Na Grécia Antiga ao cidadão que se alimentava á custa do Estado chamavam Parasito. Na biologia encontramos o mesmo nome aplicado aqueles que se servem do corpo de outro ser para sobreviver. A guerra pelas audiências é para os mass media uma luta pela sobrevivência e nela também podemos encontrar vários comensais, mutualistas, simbiotas ou mistos.

Se olharmos para os meios que pretendem comunicar em massa, verificamos que quase todos são simbiotas. Todos sobrevivem enquanto existirmos. Estão indissociáveis de nós como audiência. A rádio, a televisão, a imprensa, em todos encontramos casos crescentes de desaparecimentos por perda de audiência. Talvez tenham sido maus mutualistas, querendo só receber sem muito dar em troca. Isso deve-se por vezes a uma adaptação errada ou um conhecimento incompleto do alvo a atingir. Não foram capazes de satisfazer as gratificações procuradas pela audiência para compensar as suas necessidades sociais: Evasão, Excitação, Educação, Identidade Pessoal, Vigilância. Se estas gratificações forem oferecidas a audiência é capaz de descontar a violência que custaram. Mesmo que indirectamente prejudicadas, se o que pretendem é encontrado não se importam de dividir o seu espaço com o meio. Uma situação muito semelhante á que ao microscópio nos evidenciam os comensais.

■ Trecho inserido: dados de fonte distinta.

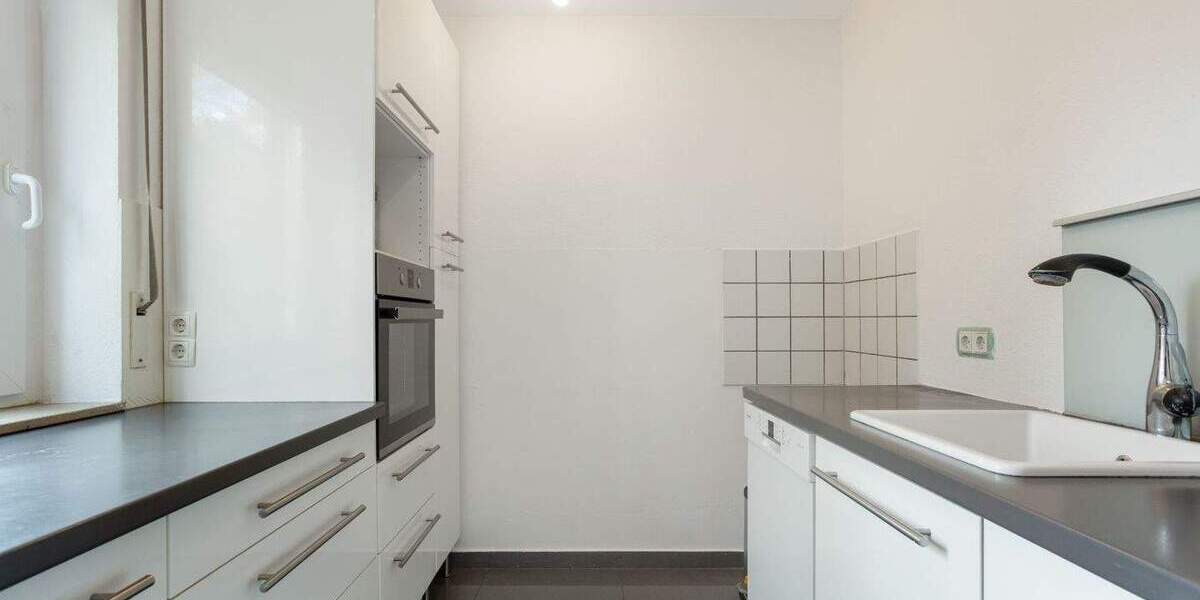 Etagenwohnung Düsseldorf Kaiserswerth - 4 Zimmer, 107 m&sup2;, 625.000&euro; | Angebot:25687128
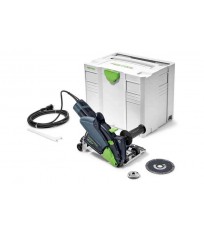 Systèmes de tronçonnage DSC-AG 125 Plus diamant FESTOOL 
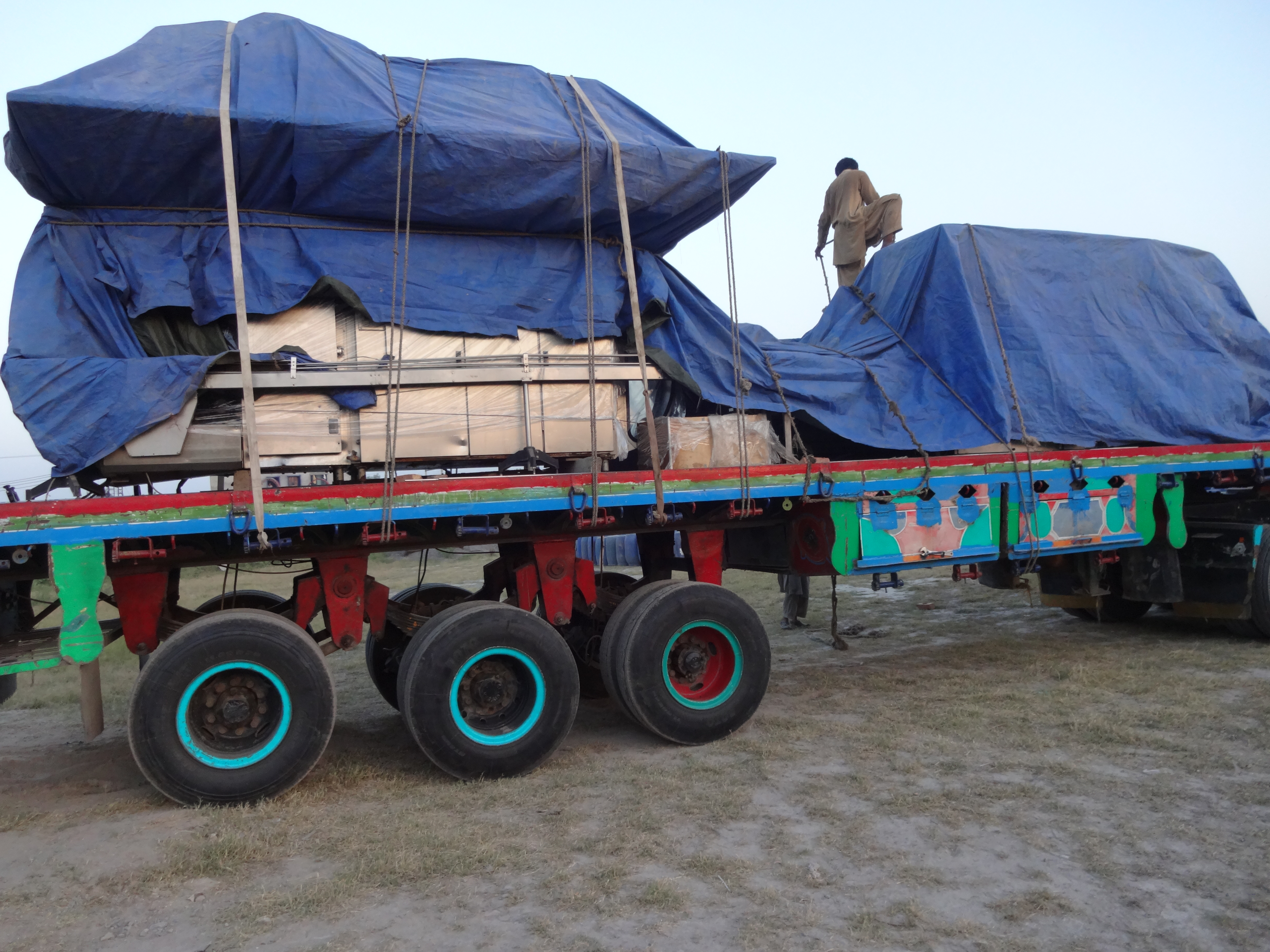 Sold One TBA 19 200ml Slim Line to Iran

Mas se esta associação é proveitosa para ambos então não estamos perante uma simbiose em vez de um fenómeno de parasitismo ? A associação é proveitosa para ambos mas não de forma equivalente, nem proporcional. Afinal sempre temos alguém que dá mais do que o que recebe. Esta pode ser uma simbiose entre o meio e a audiência, mas muito parasitária.

O que diria hoje McLuhan ? Continuaria a preocupar-se com a "temperatura" dos meios e com a sua capacidade de estender o nossos sentidos ? Continuaria a sentir-se numa aldeia global ?

Ele nunca poderia prever  que trinta anos depois a sua "aldeia" viria a aquecer tanto devido ao buraco que fizemos todos na camada de ozono. O aquecimento ambiental parece ter chegado aos meios de comunicação. Estão todos muito quentes. Estão todos muito empenhados em dar todo o sentido à mensagem, deixando reduzido espaço de decisão a quem os recebe.